▶ _TASK TO COMPLETE_:
Return the lines of the data below starting at the one holding "PEUGEOT 308 2014 — imagine 2" and ending at the one holding "Lynton Sub Post Office", word for word, leaving every picture out.

▶ _RECORDS FOR THE EXERCISE_:
------------------------
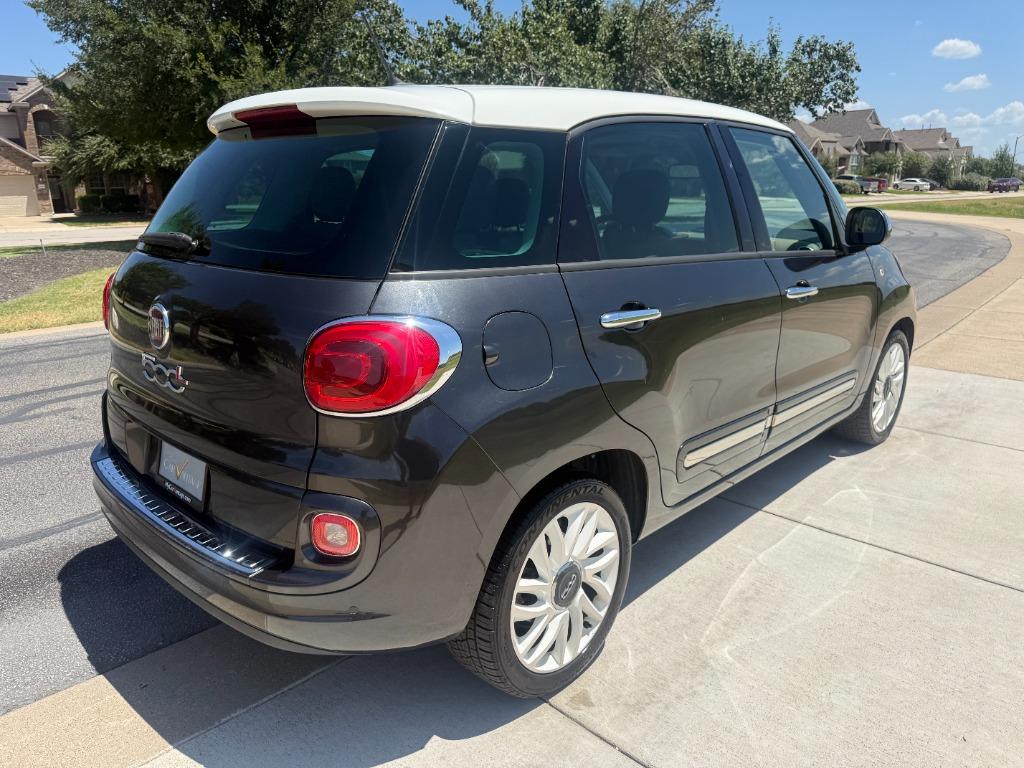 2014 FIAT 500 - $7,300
------------------------
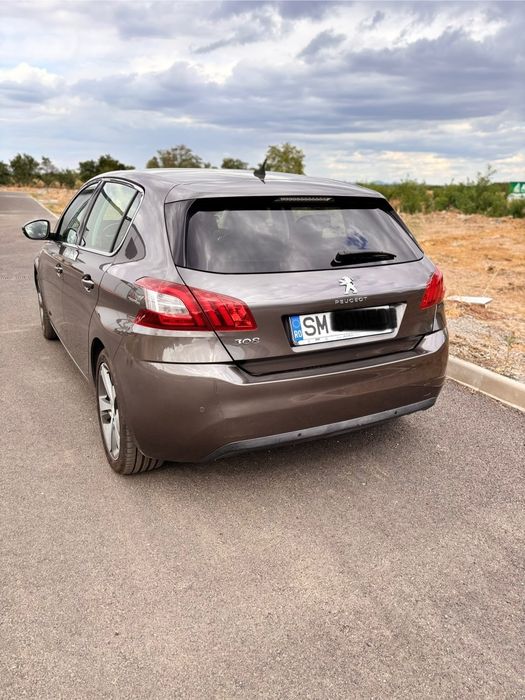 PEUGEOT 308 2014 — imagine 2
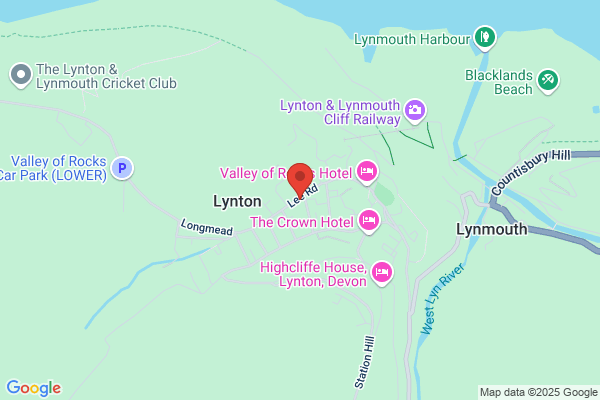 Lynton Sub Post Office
------------------------
▶ _WRITTEN RESPONSE_:
 PEUGEOT 308 2014 — imagine 2
 Lynton Sub Post Office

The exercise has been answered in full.